Finished with is behavioral.
It has a tone— “I’m done.” Sometimes with a little attitude, sometimes with a shrug.
But walking away is not the same as being complete.
Something can be over and still run you.
Something can be finished and still own space in you.
Only when it’s complete does it release its grip.
Now, the how.
Elders don’t get complete by waiting. Or hoping. Or “processing it over time.”
That’s avoidance with a wellness vocabulary.
Completion is existential. Existential refers to anything that has to do with existence itself—being alive, being human, and the fundamental conditions of life like meaning, freedom, choice, and death.
It points to the questions you can’t outsource: why you’re here, how you live, and what your life stands for.
“Over” and “finished with” are surface-level—they deal with time and behavior. Something ended, or you walked away. That’s administrative. Life keeps moving, but the thing may still be sitting inside you, unresolved.
Completion is existential because it alters your state of being. It’s not about the event ending, it’s about whether it still exists in you as unfinished business.
When something is complete, it no longer defines your mood, your reactions, your future. It has no more say. It has no more sway.
“Over” happens in time.
“Finished” happens in behavior.
“Complete” happens in being.
HOW ELDERS GET COMPLETE
First, they tell the truth. Not the edited version. Not the version that keeps them looking good. The actual truth, what happened, what they did, what they didn’t do, what it cost. Until the truth is clean, completion is not obtainable.
Second, Elders take responsibility. Not blame—responsibility.
Blame asks, Who screwed this up? Who screwed me?
Responsibility asks, What is mine here? What’s required now?
And then they take that on. No negotiation.
Third, they clean up what’s left open.
Conversations not had. Apologies not made. Gratitude not expressed. Decisions not declared.
If there’s a call to make, you make it. If there’s something to say, you say it.
Not someday. Today. “Someday” is where completion goes to die.
Fourth, Elders drop the argument with the past.
This is where most people get stuck. They want completion—but only if what happened didn’t happen.
That’s not completion. That’s fantasy.
An Elder lets what happened be what happened. No appeal. No retrial.
And finally, they declare it complete.
Not casually. Not as a bypass. But as a conscious act when the work is done.

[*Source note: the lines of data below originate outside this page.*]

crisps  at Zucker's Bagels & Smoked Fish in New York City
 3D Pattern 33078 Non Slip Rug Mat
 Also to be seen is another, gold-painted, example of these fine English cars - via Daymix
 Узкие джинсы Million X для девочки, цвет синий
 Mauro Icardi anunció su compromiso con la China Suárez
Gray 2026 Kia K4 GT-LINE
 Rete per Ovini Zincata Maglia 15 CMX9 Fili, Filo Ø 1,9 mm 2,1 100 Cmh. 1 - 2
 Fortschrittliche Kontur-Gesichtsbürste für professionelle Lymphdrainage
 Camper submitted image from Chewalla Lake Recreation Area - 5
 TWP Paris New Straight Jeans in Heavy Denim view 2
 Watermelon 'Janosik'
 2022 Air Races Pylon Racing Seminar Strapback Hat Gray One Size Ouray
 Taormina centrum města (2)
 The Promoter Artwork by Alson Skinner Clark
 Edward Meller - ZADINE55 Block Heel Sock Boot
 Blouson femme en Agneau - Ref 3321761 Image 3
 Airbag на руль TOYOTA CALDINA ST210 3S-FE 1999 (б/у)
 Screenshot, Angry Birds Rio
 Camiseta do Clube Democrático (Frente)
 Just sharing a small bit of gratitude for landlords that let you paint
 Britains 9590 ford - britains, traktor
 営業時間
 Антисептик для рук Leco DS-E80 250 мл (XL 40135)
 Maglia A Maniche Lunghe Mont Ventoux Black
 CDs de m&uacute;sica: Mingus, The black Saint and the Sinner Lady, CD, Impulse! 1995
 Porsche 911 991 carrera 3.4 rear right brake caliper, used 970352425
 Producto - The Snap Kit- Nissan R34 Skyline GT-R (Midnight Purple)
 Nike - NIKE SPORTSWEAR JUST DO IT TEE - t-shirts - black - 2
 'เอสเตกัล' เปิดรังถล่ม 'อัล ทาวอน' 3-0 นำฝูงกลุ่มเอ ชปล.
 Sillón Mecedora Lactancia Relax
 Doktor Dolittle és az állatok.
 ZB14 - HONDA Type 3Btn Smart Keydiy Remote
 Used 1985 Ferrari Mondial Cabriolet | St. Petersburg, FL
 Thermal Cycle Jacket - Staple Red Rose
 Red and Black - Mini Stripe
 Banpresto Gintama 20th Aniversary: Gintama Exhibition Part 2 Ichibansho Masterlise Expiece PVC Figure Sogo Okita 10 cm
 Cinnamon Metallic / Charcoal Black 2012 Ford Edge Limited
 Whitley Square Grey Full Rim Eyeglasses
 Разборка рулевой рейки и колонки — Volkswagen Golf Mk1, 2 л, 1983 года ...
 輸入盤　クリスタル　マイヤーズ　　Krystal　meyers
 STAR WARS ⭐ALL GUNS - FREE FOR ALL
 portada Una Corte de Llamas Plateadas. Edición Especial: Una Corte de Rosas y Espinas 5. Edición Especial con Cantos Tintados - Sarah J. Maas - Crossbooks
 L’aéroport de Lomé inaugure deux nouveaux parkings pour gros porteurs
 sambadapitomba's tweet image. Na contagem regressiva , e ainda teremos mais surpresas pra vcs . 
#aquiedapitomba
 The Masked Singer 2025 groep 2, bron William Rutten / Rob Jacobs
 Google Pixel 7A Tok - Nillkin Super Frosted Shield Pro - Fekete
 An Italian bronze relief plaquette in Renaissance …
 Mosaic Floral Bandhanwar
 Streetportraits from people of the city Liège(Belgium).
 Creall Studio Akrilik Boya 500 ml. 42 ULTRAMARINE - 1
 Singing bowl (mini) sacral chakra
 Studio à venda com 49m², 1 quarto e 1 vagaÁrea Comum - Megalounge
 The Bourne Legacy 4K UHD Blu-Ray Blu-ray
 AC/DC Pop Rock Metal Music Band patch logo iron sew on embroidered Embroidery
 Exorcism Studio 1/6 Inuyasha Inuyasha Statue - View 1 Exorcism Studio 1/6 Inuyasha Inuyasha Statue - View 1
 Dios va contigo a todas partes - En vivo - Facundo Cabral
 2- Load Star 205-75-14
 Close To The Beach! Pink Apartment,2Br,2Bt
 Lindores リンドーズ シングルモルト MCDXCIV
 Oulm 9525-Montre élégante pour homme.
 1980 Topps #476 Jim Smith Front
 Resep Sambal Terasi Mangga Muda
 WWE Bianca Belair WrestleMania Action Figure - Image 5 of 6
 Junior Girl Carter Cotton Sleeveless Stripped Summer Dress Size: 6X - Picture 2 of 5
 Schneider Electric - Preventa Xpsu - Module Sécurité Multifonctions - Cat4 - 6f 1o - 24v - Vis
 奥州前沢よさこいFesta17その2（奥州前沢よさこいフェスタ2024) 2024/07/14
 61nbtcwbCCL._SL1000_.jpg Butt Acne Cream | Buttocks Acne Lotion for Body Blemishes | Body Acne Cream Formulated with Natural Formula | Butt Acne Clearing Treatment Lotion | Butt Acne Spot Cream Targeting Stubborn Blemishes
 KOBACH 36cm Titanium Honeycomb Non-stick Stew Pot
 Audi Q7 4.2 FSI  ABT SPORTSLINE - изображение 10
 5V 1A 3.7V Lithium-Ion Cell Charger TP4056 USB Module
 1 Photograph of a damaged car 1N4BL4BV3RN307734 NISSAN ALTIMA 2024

Completion is a stand you take.
And just to keep it human: most people don’t need ten more years of analysis.
They need a phone… and a spine.
Completion isn’t mystical. It’s disciplined.
And when something is truly complete, it no longer takes up real estate in your life.
Play it loud and dance: When you’re complete, “you’re already gone.”




Living at this time on earth, in our country, at our age, now with our greater authenticity, empathy, and deeper concern for not just our future but the future itself, it's difficult to be complete, especially when the it, he, she, or they doesn't go away physically.
Everyday. Headlines. Talk in the hallway, at the bar. On every screen. All the time. You can feel the resentment in yourself and see it on the faces of people everywhere. You're upset you have to live your life in these waters. And you are taking action, writing, speaking, protesting, praying, meditating, but it keeps returning.
You, me, everyone is feeling it. What I recommend you focus on is not the exterior. It will do what it does. And not to get indifferent about it. No, I am suggesting work on what remains incomplete in your life, living or dead. And identify what you need to do, say, and act to get complete. And do that. A way better use of your time, and more importantly, when you leave the planet, you'll be way lighter.
What a ‘complete’ experience reading this and knowing the truth of it through the practice of it and when I don’t! Thanks Mark. Oh…What a great song to encapsulate the message! Rock on!